The Broncos aren’t in the Super Bowl. We’re not in Miami covering it; our Bowl of note was the Senior Bowl, which we chronicled last week and shot several hours of video for pieces you’ll see on DenverBroncos.com in the weeks leading up to the 2007 NFL Draft.
So how can we commemorate the game? It is, after all, the subject of discussion for football fans from Ketchikan to Key West and beyond.
For that answer, I looked back to my childhood, which at this time of year saw me plan afternoons around watching ESPN’s airing of the John Facenda-narrated films, complete with an introduction offered by the venerable Jim Simpson, voice of virtually everything on the fledgling sports network in those days — college football, USFL and even a stint as Dick Vitale’s first consistent broadcast partner.
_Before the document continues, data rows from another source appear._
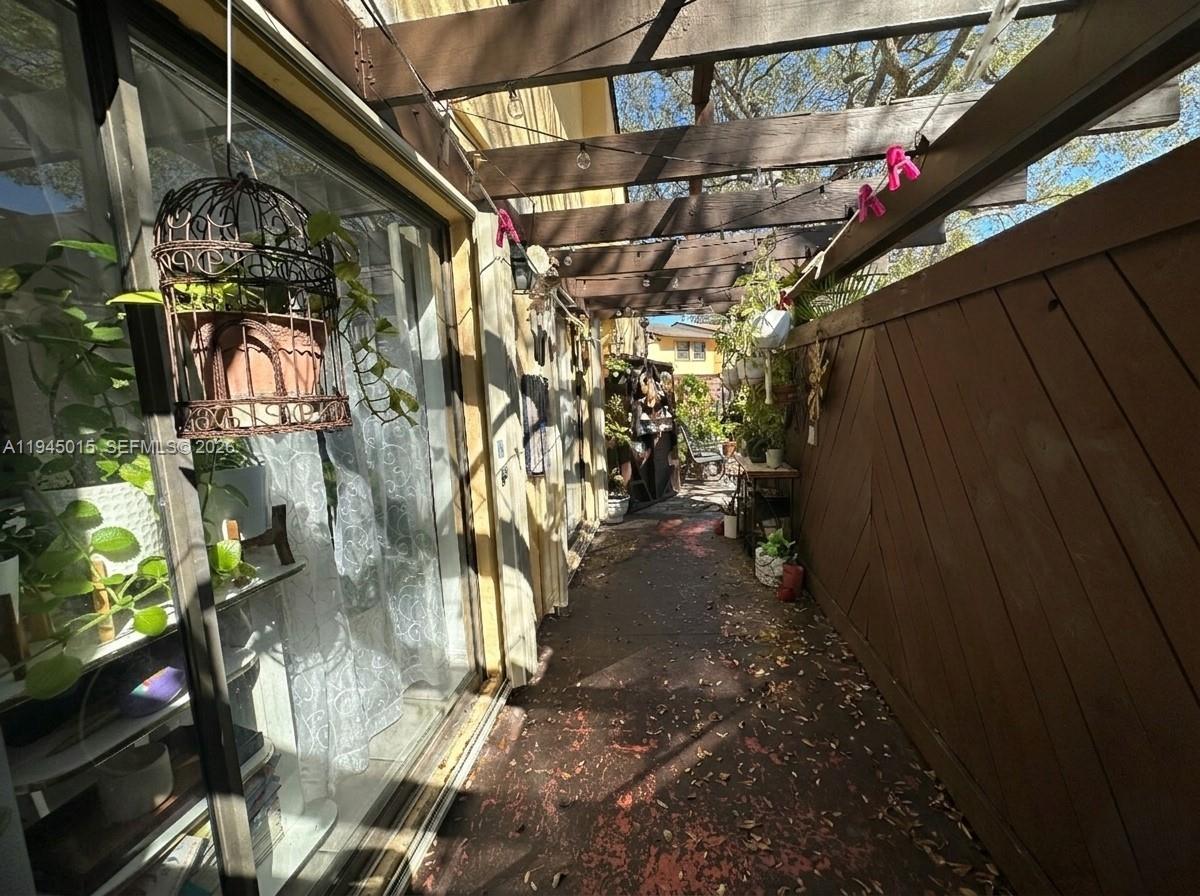 THE ODA HOMES CONDO - Residential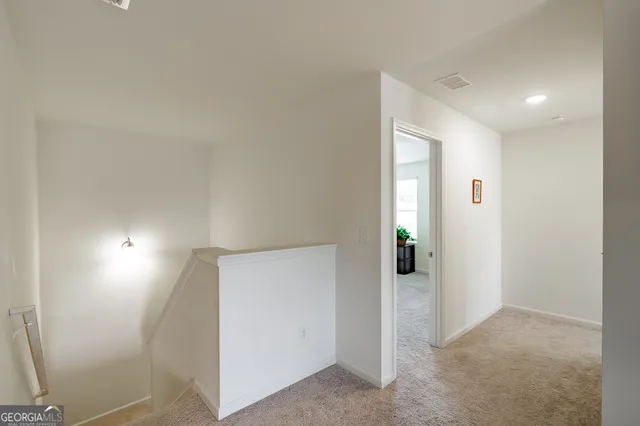 $400,000 | 891 Feldman Chase, Loganville, GA 30052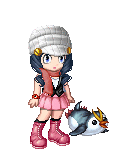 idtskennh's avatar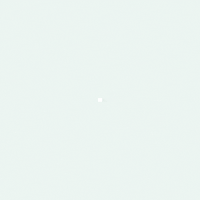 Email Newsletter GIF by ConvertKit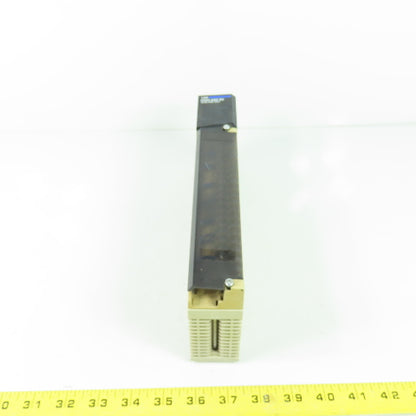 Schneider 140 DDO 843 00 TSX Quantum Discrete Output Module 10-60VDC 2X8 Source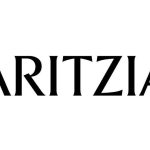 Aritzia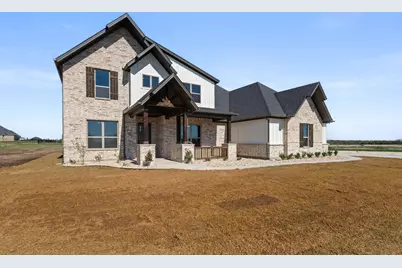 441 Paradise Ridge Drive, Waxahachie, TX 75167 - Photo 2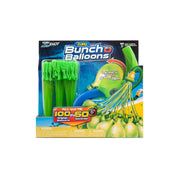 ZURU Bunch O Balloons Launcher Assorted Styles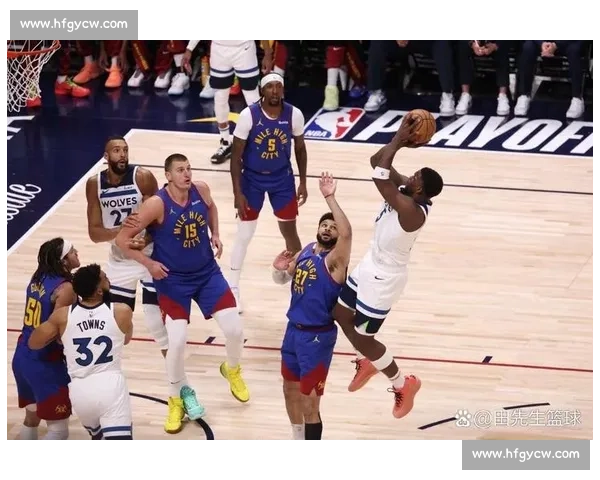 湖人对决掘金数据解读戴维斯攻防统治力全面解析关键表现与比赛走向影响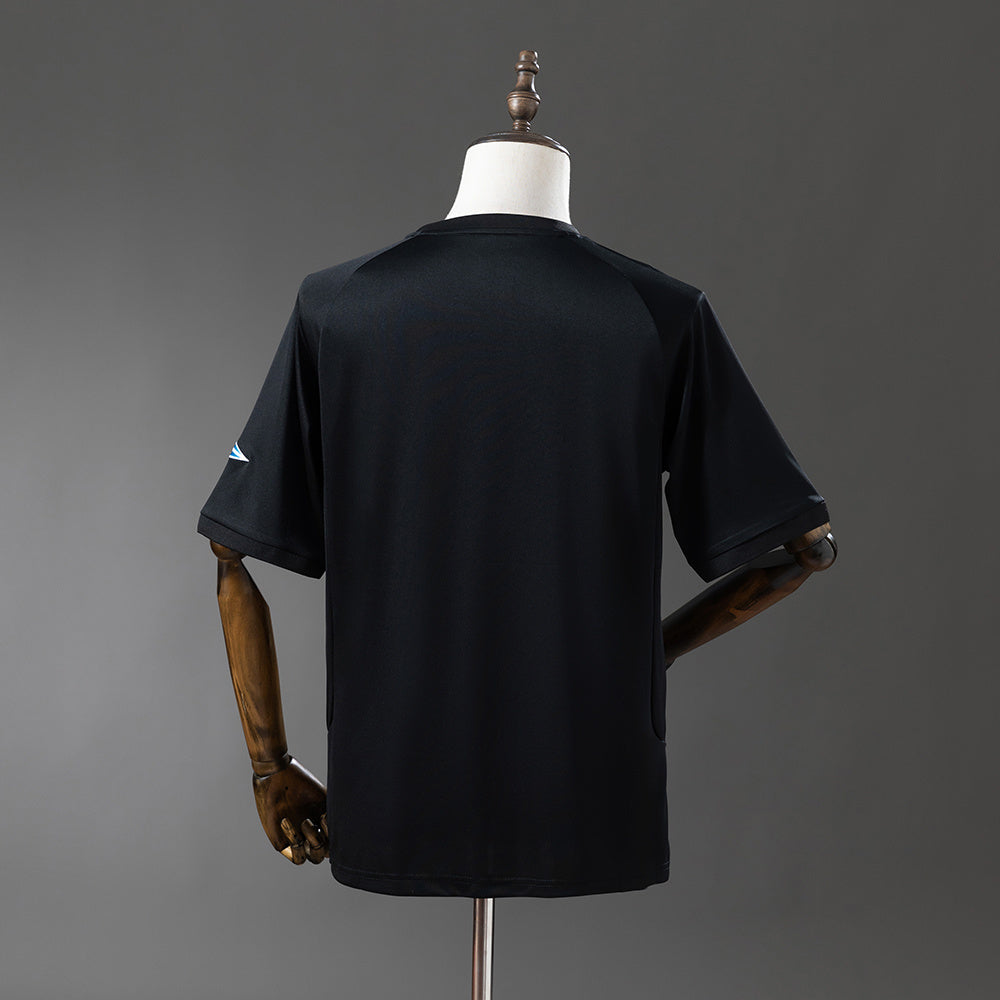 Olympiacos retro 2004/05 Away Fan Version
I’ve watched these films way too often — and that was before the Super Bowl DVD set came into my life. Forty Super Bowls, 20 DVDs, one box set. It’s also been a while since I’ve utilized all the film-study courses I took in college, and I so rarely have the chance to use anything I learned inside a classroom setting that even the faintest connection to a lecture lesson is one to seize.
Seven days, 40 Super Bowl highlight reviews.
Let me preface this forthcoming analysis with this caveat: For the football devotee, each of these films is worth watching, even Super Bowl XVIII, the worst NFL memory of my younger and more vulnerable years. Even a one-star rating — or in this exercise, a one-Lombardi Trophy rating — still renders a film worthy of a half-hour of one’s time, such is the collective quality of the work from the gang in Mount Laurel, N.J.
So why do this? Because I haven’t seen anything like this on the Internet, and these 40 works are worthy of extra attention — and a closer look beyond the perfunctory glance up at ESPN from behind a barstool during a lunch excursion.